Culture doesn’t exist merely to deliver functional, transactional relationships; we engage with it to give us transformative, emotional experiences. And increasingly, we recognise that our websites are also platforms for emotional experiences. Enriching relationships don’t start and end with the show.

Yet in website evaluation, as a sector we’re often stuck in a mindset of only measuring user experience (UX). Here at MHM we believe we need to measure more than just the user experience; we must also evaluate user engagement and affinity. We’ve purposefully been addressing this in our digital evaluation techniques.

The importance of digging deeper to cement relationships

Recently, a forward-thinking client asked us to evaluate their website. Their aim is to deliver ‘dynamic storytelling, deep content, and exceptional personal service’ with an ambition to ‘inspire and facilitate the onsite visit, while cultivating a deep and lasting relationship with audiences (both online and onsite)’. We absolutely loved this. You might read this and feel your website holds similar ambition?

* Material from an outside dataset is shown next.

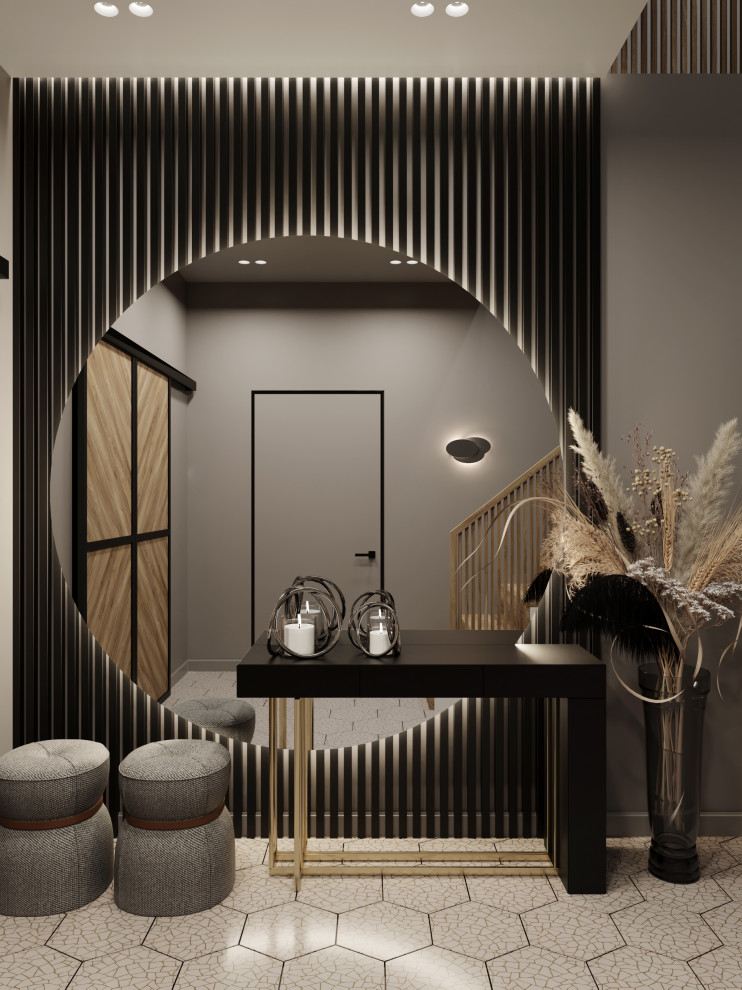 Обложка проекта: Холл с лестничным пространством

We spent some time reflecting on the gap between what success would look like to them (which is what we wanted to measure for them) and what usually comes with user experience testing. Yes, there was a clear need to help the client improve its user journeys and to remove any friction in its sales funnels. But what about the deep and lasting relationship bit?

It’s clear this is an organisation seeking to deliver more than just an efficient user experience (UX); it is seeking genuine engagement (UE) and deep user affinity (UF).

In response, we created this Depth of Digital Engagement model as a framework for our research projects:

This might seem pretty obvious. But it’s surprising how often web evaluation is conducted purely with a user experience focus. We built our approach to digital evaluation around the principle of measuring what is affecting  and effective  as well as efficient. We started using this for a website evaluation but quickly found it useful for evaluation of all other forms of digital interventions: apps, digital interpretation and AR/VR.

We invite you to use this simple model yourself, whenever you need an aide memoire in digital product development projects. It’s easy to get lost in the detail of user efficiency without pausing to reflect on the ultimate aim this all serves – to give people memorable encounters with culture.

Where to start?

As a starting point, you might work through this checklist and ask yourself these questions when planning any digital product development:

User Affinity (UF):     

  • How can users demonstrate their love for us?
  • What brand story will they tell others for us?
  • How will this change opinions of us?
  • Is our cause emanating from this? 

User Engagement (UE): 

  • What is the outcome of engaging with this, not just the output?
  • What are we hoping people will feel rather than do?
  • What memories are we trying to create?
  • What added value could positive experience here unlock?
  • How will this make people happier?
  • How do we surprise and delight? 

User Experience (UX)

  • What task are visitors performing?
  • What goal will that task help them achieve?
  • What’s the shortest route from A to B?
  • What are the barriers in our funnel?
  • What is the upsell? 

User Acceptance (UA)

  • Are we mobile optimised?
  • Is the design accessible?
  • Is the translation accurate?

When you design objectives using this framework, you can then design metrics to measure success against.